→ RECORDS FOR THE TASK:
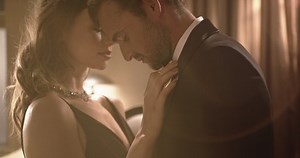 clip-1050478033-elegant-couple-dancing-sensually-party-loving-young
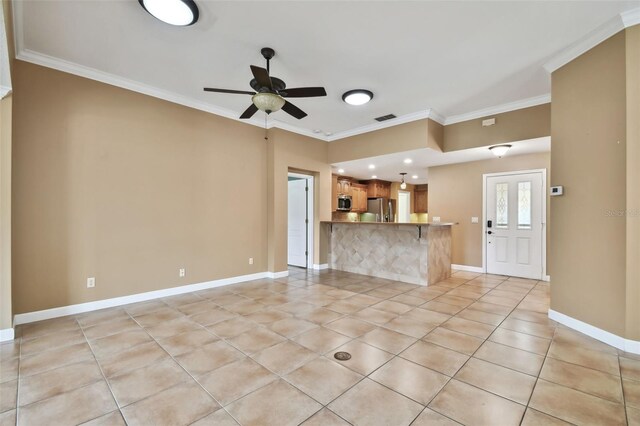 unfurnished living room featuring ornamental molding, light tile patterned floors, and ceiling fan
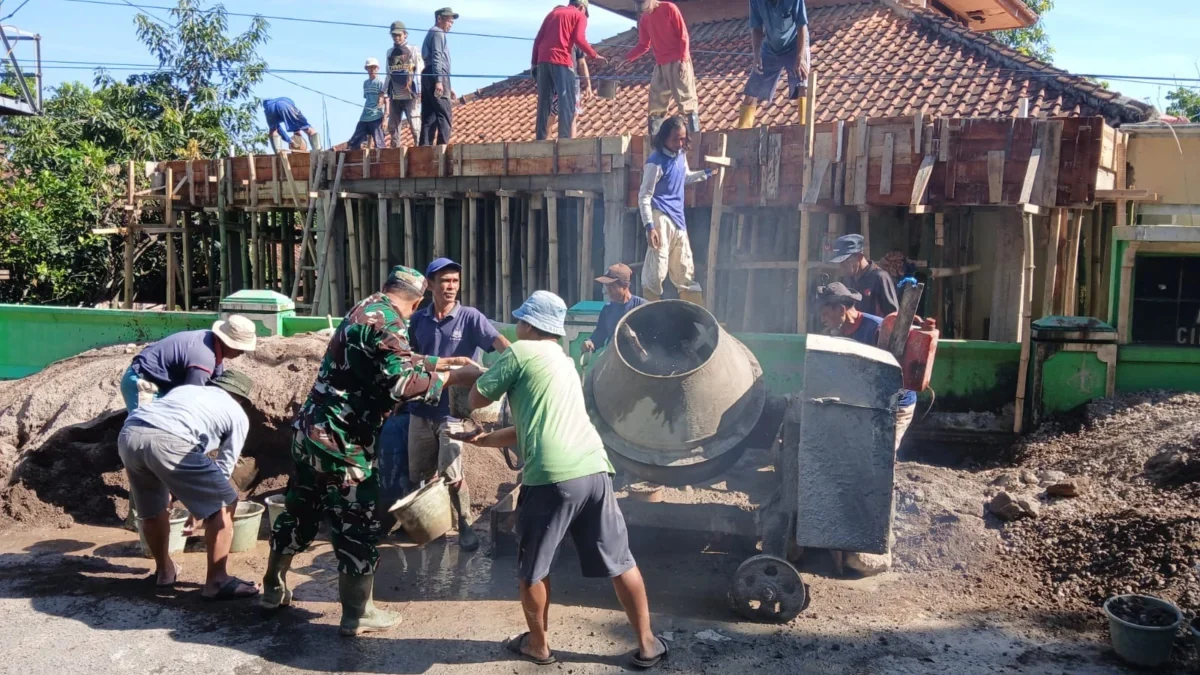 GOTONG ROYONG: Babinsa Desa Kertaharja Sertu Endang Kustian saat membantu warga membangun masjid, baru-baru in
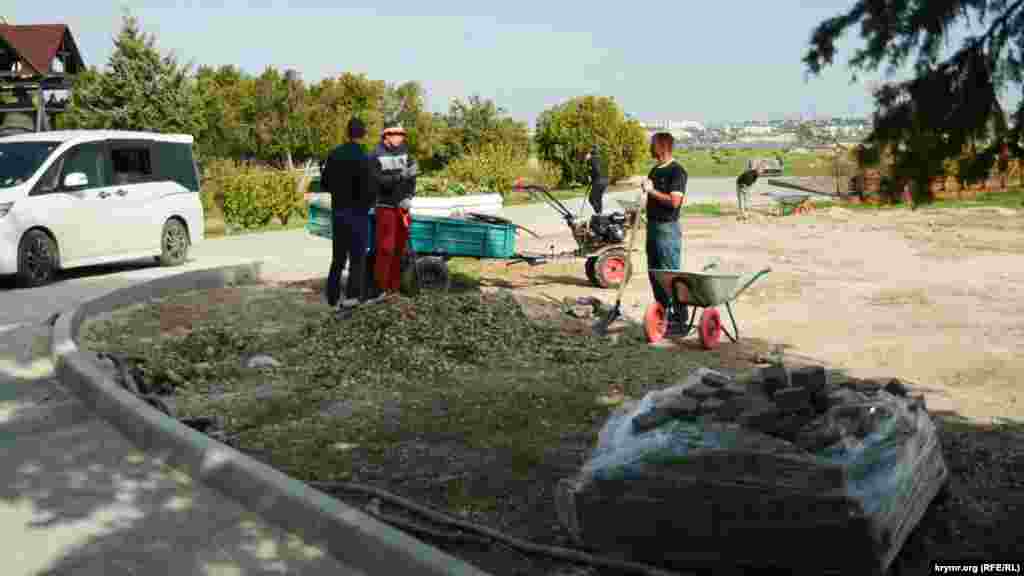 Рабочие убирают строительный мусор после завершения строительства дорожки 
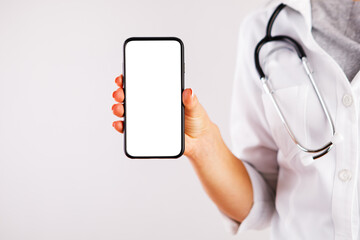 woman doctor showing blank screen of mobile phone. online doctor's consultation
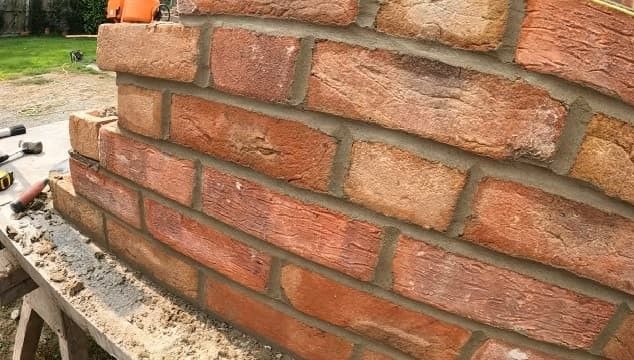 bricklaying with new red clay brick wall, completed in Atlanta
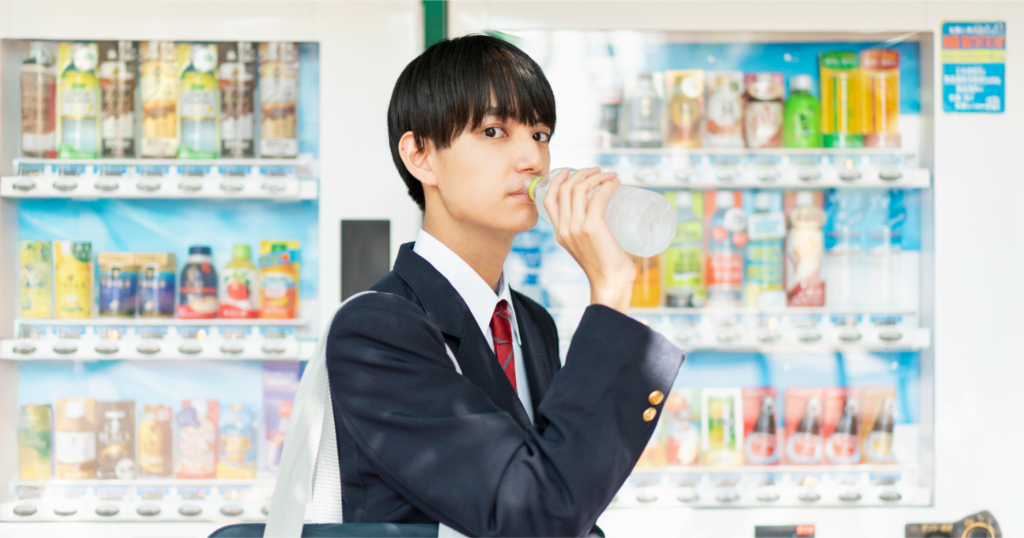 自動販売機の前で清涼飲料水を飲む男子学生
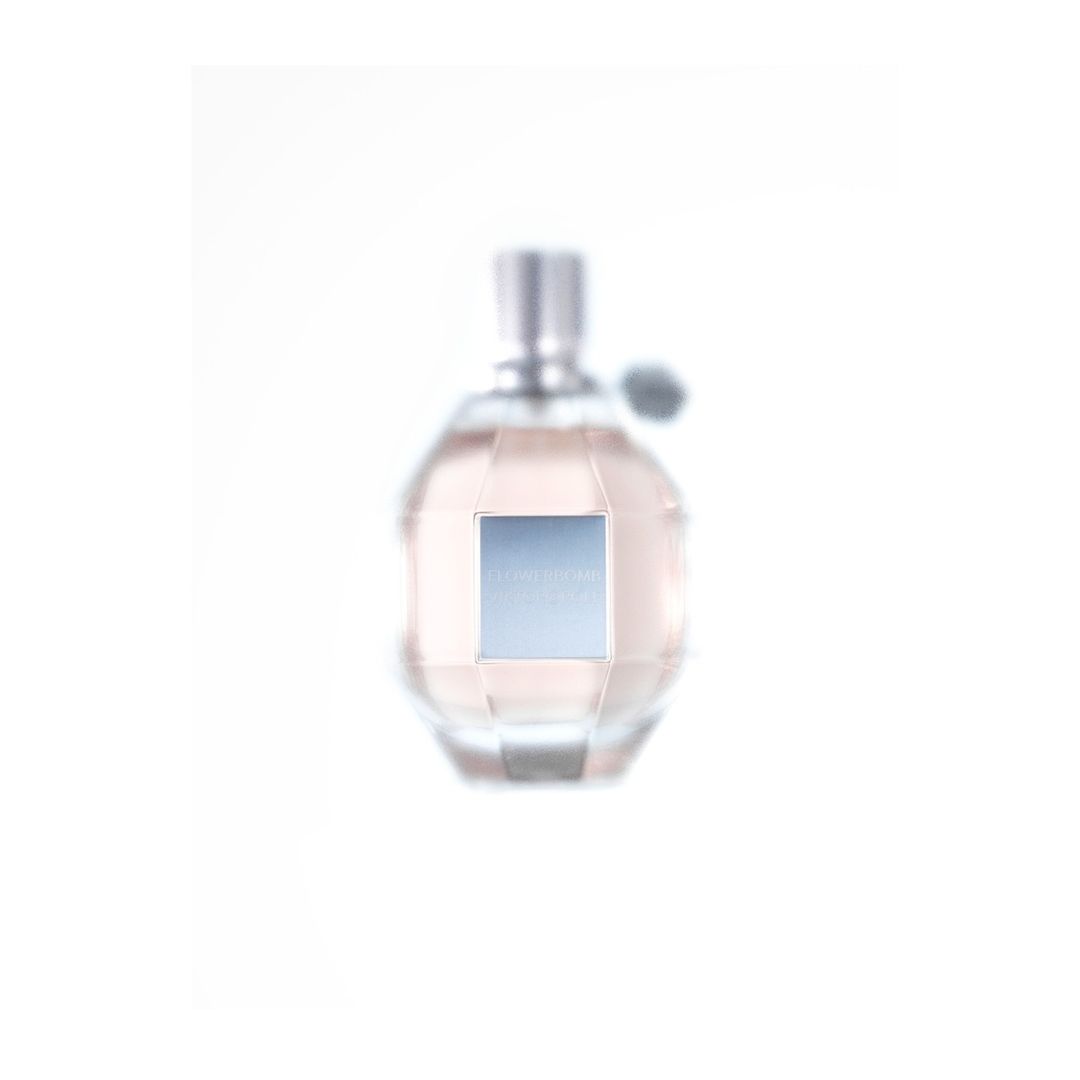 Still life shot of a rounded faceted glass perfume bottle with silver accents and a light pink liquid inside against a white backdrop.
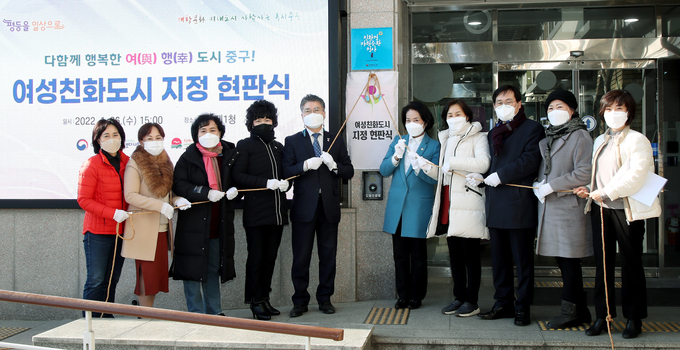 27일 홍인성 구청장과 여성참여단이 함께 구청사 입구에서 여성친화도시 지정 현판식을 하고 있다. ( 사진 = 중구 제공 )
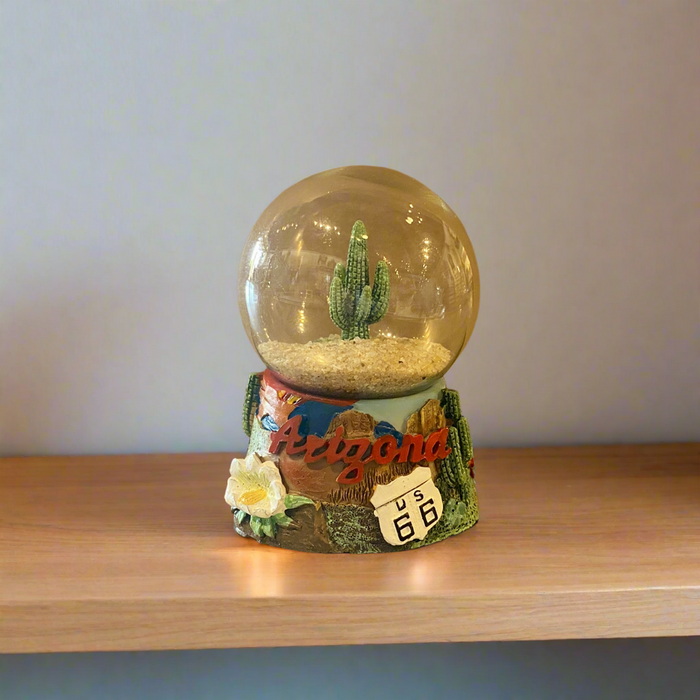Arizona sand globe with a cactus inside a clear glass sphere on a decorative base labeled Route 66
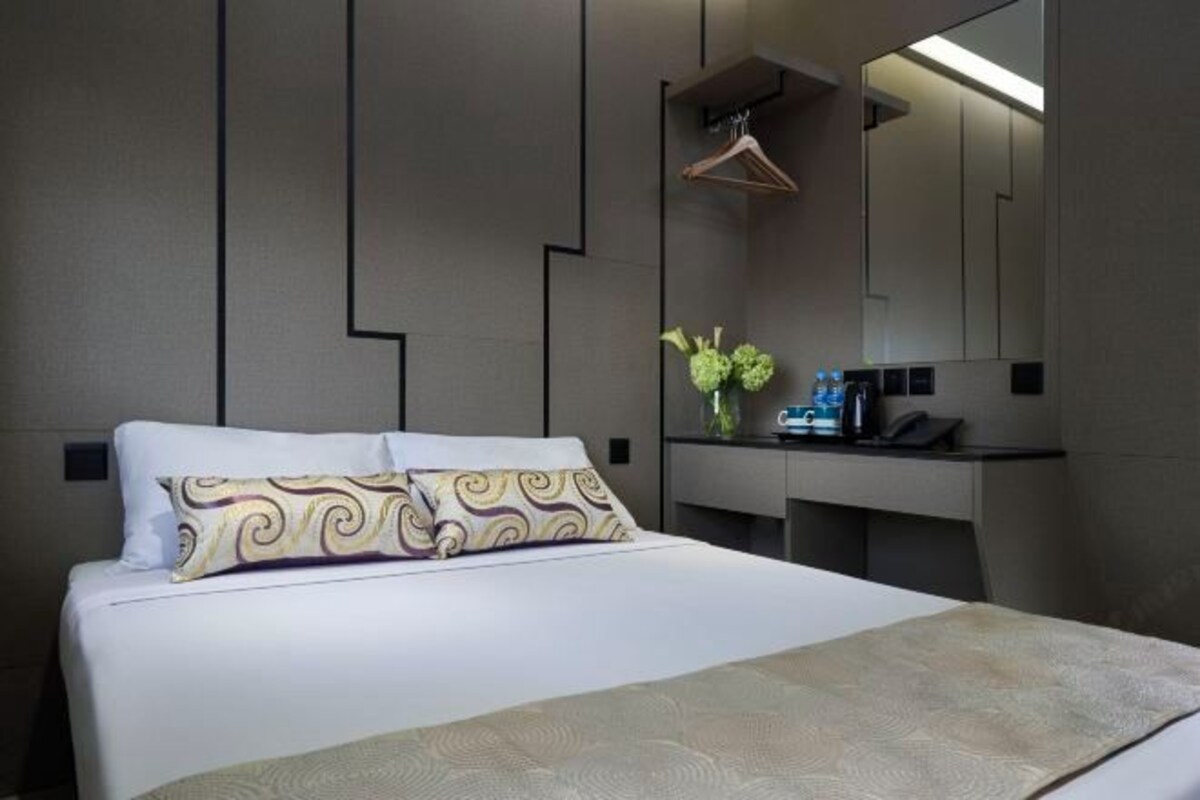 A modern hotel room with a large bed, a bedside table with a mirror, and a small desk area.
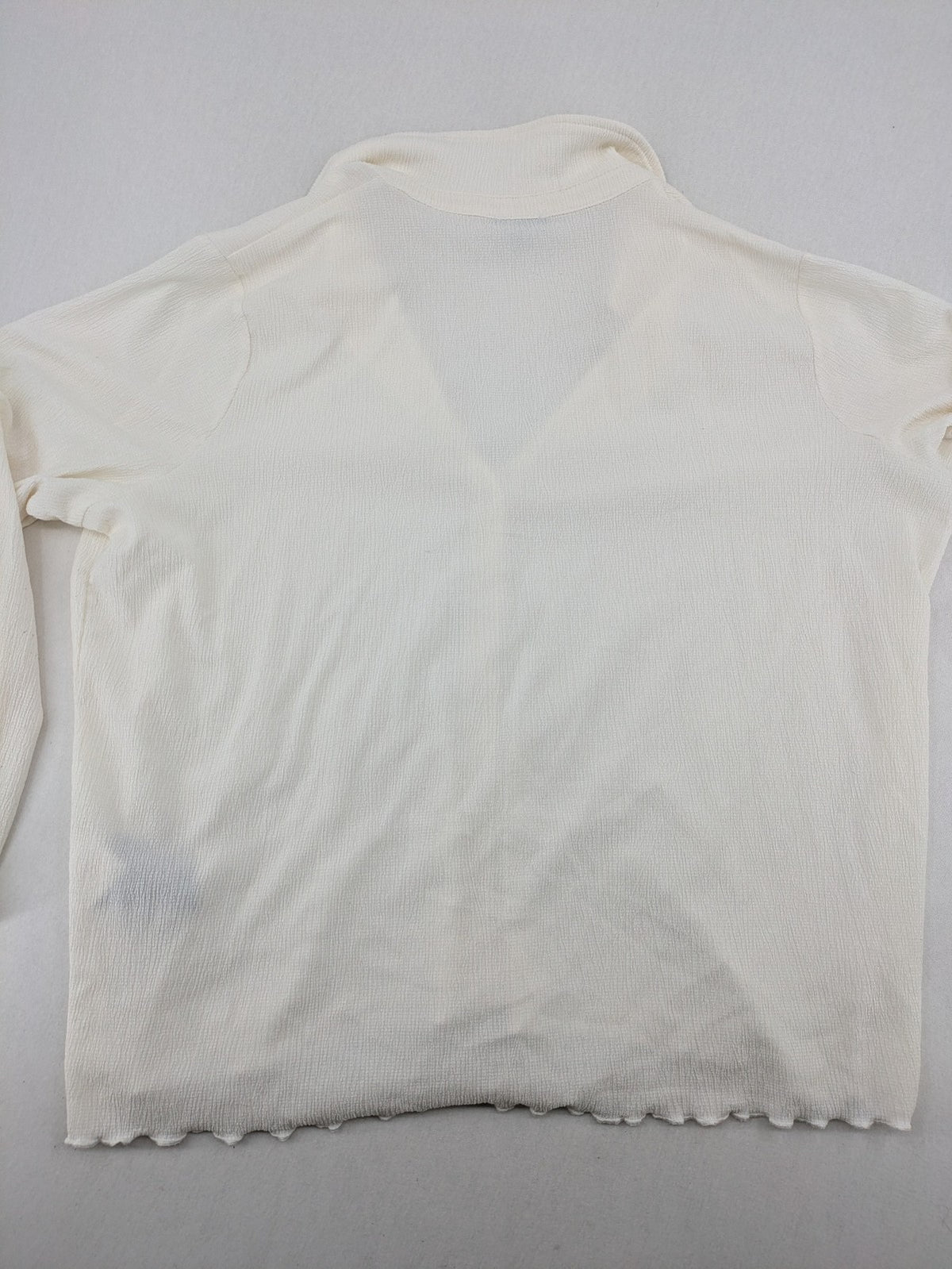 C&A cream blouse XXL textured crinkle fabric with gold button placket and wavy hem.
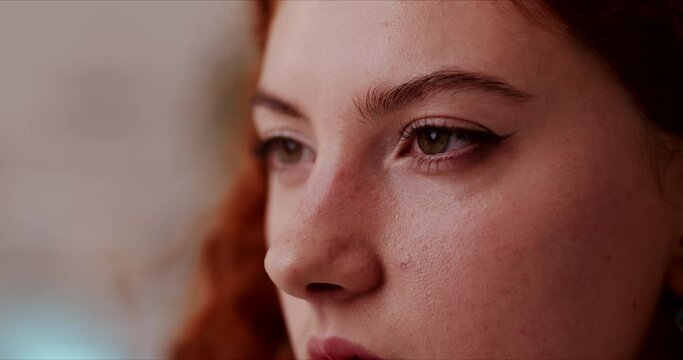 Side view close up of young red haired woman beautiful face with thoughtful worried facial expresion. Portrait of lady with penetrating look opening blinking eyes.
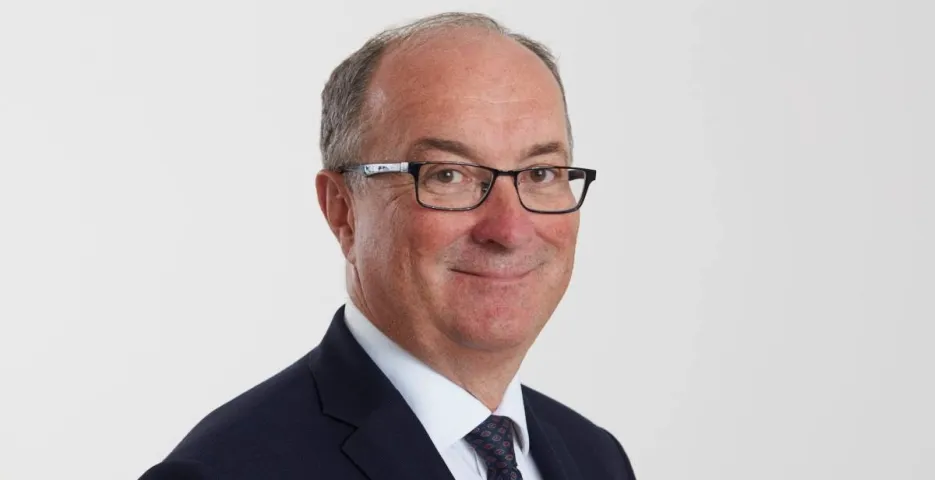 Portret mężczyzny w garniturze i okularach, uśmiechniętego na neutralnym białym tle.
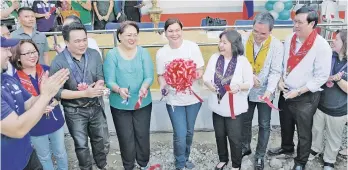  ?? PR ?? DAVAO CITY MAYOR Sara Duterte-Carpio leads the inaugurati­on along with SM Foundation’s executive director for health and medical programs Connie Angeles, and SMFI corporate affairs head Chito Macapagal.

→ TASK:
Except for the pictures, copy every line of the records above exactly.

→ RESPONSE FOR THIS EXERCISE:
 clip-1050478033-elegant-couple-dancing-sensually-party-loving-young
 unfurnished living room featuring ornamental molding, light tile patterned floors, and ceiling fan
 GOTONG ROYONG: Babinsa Desa Kertaharja Sertu Endang Kustian saat membantu warga membangun masjid, baru-baru in
 Рабочие убирают строительный мусор после завершения строительства дорожки 
 woman doctor showing blank screen of mobile phone. online doctor's consultation
 bricklaying with new red clay brick wall, completed in Atlanta
 自動販売機の前で清涼飲料水を飲む男子学生
 Still life shot of a rounded faceted glass perfume bottle with silver accents and a light pink liquid inside against a white backdrop.
 27일 홍인성 구청장과 여성참여단이 함께 구청사 입구에서 여성친화도시 지정 현판식을 하고 있다. ( 사진 = 중구 제공 )
Arizona sand globe with a cactus inside a clear glass sphere on a decorative base labeled Route 66
 A modern hotel room with a large bed, a bedside table with a mirror, and a small desk area.
 C&A cream blouse XXL textured crinkle fabric with gold button placket and wavy hem.
 Side view close up of young red haired woman beautiful face with thoughtful worried facial expresion. Portrait of lady with penetrating look opening blinking eyes.
 Portret mężczyzny w garniturze i okularach, uśmiechniętego na neutralnym białym tle.
  ?? PR ?? DAVAO CITY MAYOR Sara Duterte-Carpio leads the inaugurati­on along with SM Foundation’s executive director for health and medical programs Connie Angeles, and SMFI corporate affairs head Chito Macapagal.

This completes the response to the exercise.